2. Combine the time-based, historical, and (your new) weather-based features into a FeatureUnion
3. Fit a linear regression model and evaluate what the performance improvement is over our previous best model.

In [None]:
import zipfile
import pandas as pd
import numpy as np
import glob
from sklearn import base
from sklearn.pipeline import Pipeline, FeatureUnion
from sklearn.linear_model import LinearRegression
from sklearn import metrics

def load_counts(fn):
    zf = zipfile.ZipFile(fn, 'r')
    df = pd.read_csv(zf.open(zf.namelist()[0]))
    counts = df['starttime'].str.split(' ', 1).apply(lambda x: x[0]).value_counts()
    if '-' in counts.index[0]:
        counts.index = pd.to_datetime(counts.index, format='%Y-%m-%d')
    else:
        counts.index = pd.to_datetime(counts.index, format='%m/%d/%Y')
    return counts.sort_index()

fns = glob.glob('tripdata/[0-9][0-9][0-9][0-9][0-9][0-9]-citibike-tripdata.zip')
counts = pd.concat([load_counts(fn) for fn in sorted(fns)])

In [None]:
class FourierComponents(base.BaseEstimator, base.TransformerMixin):
    
    def __init__(self, period):
        self.period = period
    
    def fit(self, X, y=None):
        self.X0 = X[0]
        return self
    
    def transform(self, X):
        dt = (X - self.X0).days * 2 * np.pi / self.period
        return np.c_[np.sin(dt), np.cos(dt)]

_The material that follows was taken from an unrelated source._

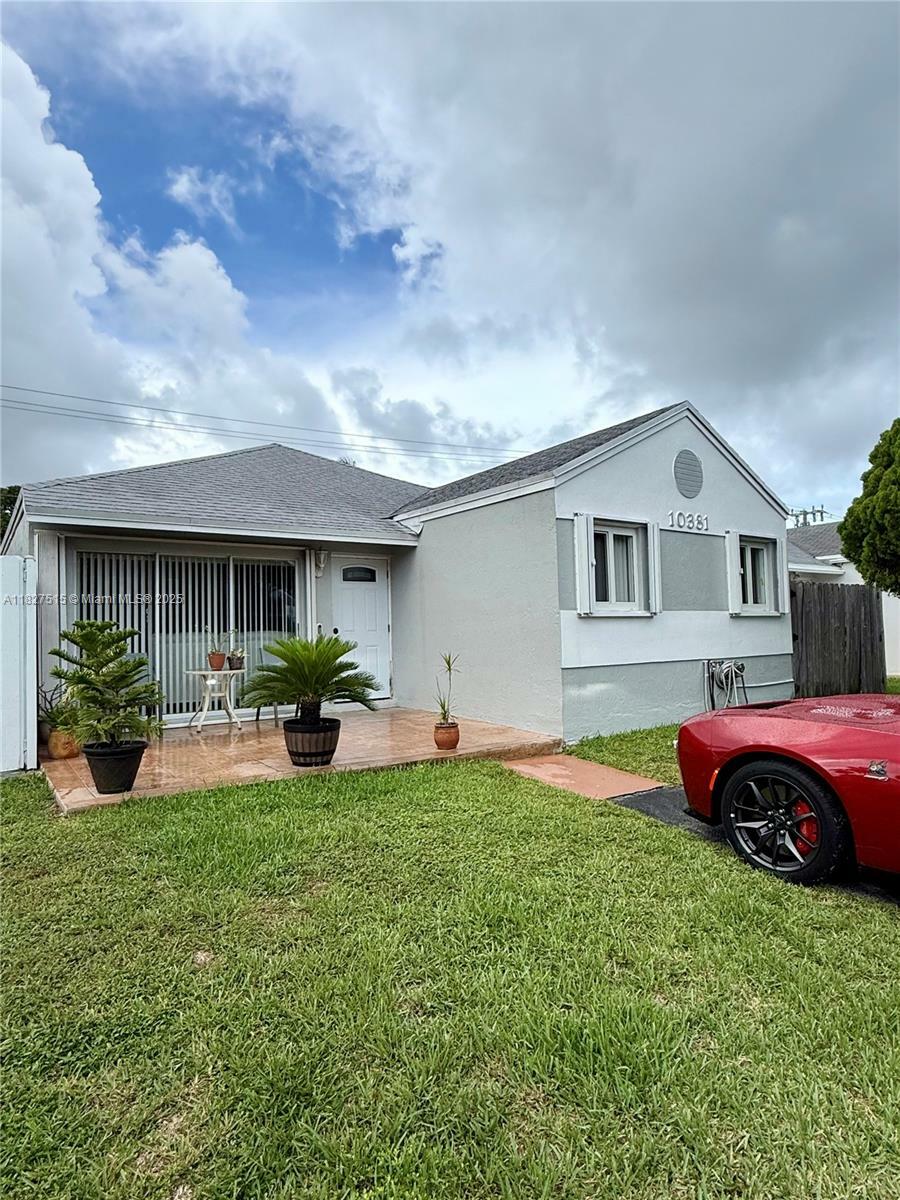 Property Photo: 10381 SW 205th Ter FL 33189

class DayofWeek(base.BaseEstimator, base.TransformerMixin):
    
    def fit(self, X, y=None):
        return self
    
    def day_vector(self, day):
        v = np.zeros(7)
        v[day] = 1
        return v
    
    def transform(self, X):
        return np.stack(self.day_vector(d) for d in X.dayofweek)

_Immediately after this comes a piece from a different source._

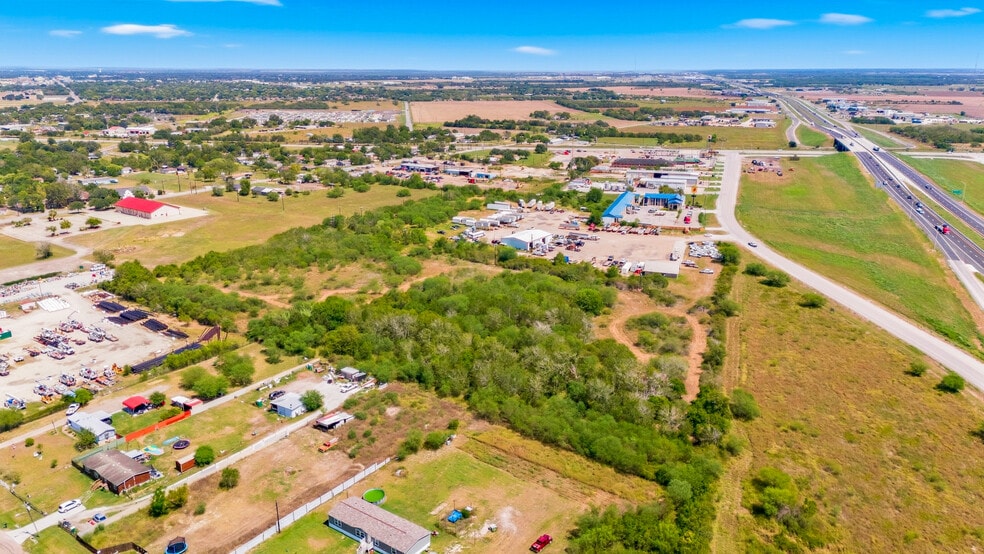 More Photos Of 2904 US Highway 59 Hwy, Victoria Land For Sale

class QuadBackground(base.BaseEstimator, base.TransformerMixin):
    
    def fit(self, X, y=None):
        self.X0 = X[0]
        return self
    
    def transform(self, X):
        days = (X - self.X0).days
        return np.c_[days, days**2]
    
class ColumnExtractor(base.BaseEstimator, base.TransformerMixin):
    
    def __init__(self, cols):
        self.cols = cols
    
    def fit(self, X, y=None):
        return self
    
    def transform(self, X):
        return X[self.cols]
    
class IndexExtractor(base.BaseEstimator, base.TransformerMixin):
    
    def fit(self, X, y=None):
        return self
    
    def transform(self, X):
        return X.index

In [None]:
union = FeatureUnion([('date', QuadBackground()),
                      ('fourier-y', FourierComponents(365)),
                      ('fourier-2', FourierComponents(365/2.)),
                      ('fourier-m', FourierComponents(365/12.)),
                      ('fourier-8', FourierComponents(365/8.)),
                      ('dayofweek', DayofWeek()),])
time_pipe = Pipeline([('index', IndexExtractor()),
                      ('features', union)])

In [None]:
counts_df = pd.DataFrame({'counts': counts, 'previous': counts.shift(1).fillna(method='bfill'),
                          'rolling': counts.rolling(window=5).mean().shift(1).fillna(method='bfill')})

hist_pipe = Pipeline([('previous', ColumnExtractor(['previous', 'rolling']))])

### The Weather Data
Here's the dataset of weather. We added in a column with the dates already parsed for you. Explore it to determine which columns actually track temperature on a given day.

In [None]:
weather = pd.read_csv("weatherdata/nycp.csv")
#here, we'll even give you a nice datetime object to work with
weather["DT"] = pd.to_datetime(weather["DATE"].apply(str), format="%Y%m%d")
weather.head()

### What now?

Some hints:
- The first thing you'll need to do is line up the dates in the `weather` dataframe with the `counts_df` dataframe (i.e. join the two tables).
- You can use the `ColumnExtractor` transformer we've already written to pull out temperature as a feature
- From there, set up a `FeatureUnion` (combining the pipelines already here with your new feature extraction)
- Last but not least, train a Linear Regression model and compute the RMSE. How did it do?

Once you've gotten that all done, a fun one: how much does ridership increase for every degree Fahrenheit? (Hint: The coefficients of the linear model are stored in the .coef_ attribute of a LinearRegression object.)

Next steps: There are a few other interesting columns in this dataset. Add those into the regression as well to see how they do.